What this case has done is send a strong message that we don’t do personal responsibility in this country. That adults need to be cosseted and nannied because they are too stupid to exercise some common sense and personal responsibility. This was a tragedy, but to blame the train operator is wrong. There was no tort here. There was no negligence. The dangers inherent in sticking one’s head out of the window of a moving train are obvious. If I was sufficiently heartless, I’d say that it was Darwin in action.

What we see here is a corruption of English Common Law and it is a sad reflection of the state of our society that this even came to court.

Expect even more nannying and petty health and safety rules as a consequence, as organisations try to protect themselves from the impossible – the infinite capability of the general public to find a hitherto unexpected method of self-dispatch as a consequence of rampant stupidity.

12 Comments

  1. Waiting to read that M&S have been fined by H&S because someone shat themselves wearing a pair of their pants. Just wait. It will no doubt happen.

  2. I understand that the deceased had an active interest in railways…
    Just how dumb do you have to be these days? Even if the safety notice was allegedly “obscured”, if you travel regularly surely you will have noticed that the signs are pretty commonplace as are large, heavy pieces of steel. A potential Darwin Award nominee however? The Tree of Life is self-pruning.

  3. A truly silly decision.
    As you say, he was an adult and responsible for his actions.

    Obvious response to decision: fix all train windows shut.
    Next train crash: trapped passengers being incinerated. Or smoked.
    “Why could the windows not be opened to allow them to escape? Something must be done!”

  4. “…the infinite capability of the general public to find a hitherto unexpected method of self-dispatch as a consequence of rampant stupidity.”
    Sheer Poetry.

  5. “What we see here is a corruption of English Common Law and it is a sad reflection of the state of our society that this even came to court.”
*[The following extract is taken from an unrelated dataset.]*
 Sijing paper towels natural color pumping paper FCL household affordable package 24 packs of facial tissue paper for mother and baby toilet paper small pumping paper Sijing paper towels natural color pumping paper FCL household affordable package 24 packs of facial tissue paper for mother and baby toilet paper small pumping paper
    Nail/head interface there.

  6. See also:

    https://www.metro.news/e-scooter-death-pal-calls-for-total-ban/1639642/

    “The 35-year-old told Metro: ‘Emily was one of my best friends, we grew up together. She was a very expressive, kind and caring person. It’s just so very sad. This is a tragedy but some good should come from it. Clearly e-scooters are not safe. Why allow the sale of something that is not safe? The existing ban should be enforced and extended to cover their sale.’”

    Or to translate from DimBulb: “My pal did something stupid and illegal with something legal to use in the correct way, so the obvious answer is to make it illegal to have one at all.”

    • I propose a new verdict be used: “Death by Fuckwittery”.
      There’s a lot of it about these days.

  7. ‘Train enthusiast Simon Brown, 24, was hit by a gantry…’

    No he wasn’t. The gantry was not moving. He hit it.

    It’s like saying a car served off the road and was hit by a tree.

    • Along these lines why was Govia Whatsit charged when it was Railtrack (or whatever they are called this week) who left the gantry close to a train?

  8. Put the price of tickets up to cover the cost of having all windows fixed shut and a guard at each, just in case somebody smashes a window and leans out.

  9. I think the impact on Britains’s heritage steam railways is going to be significant – adding central locking to historic carriages is going to cost big time.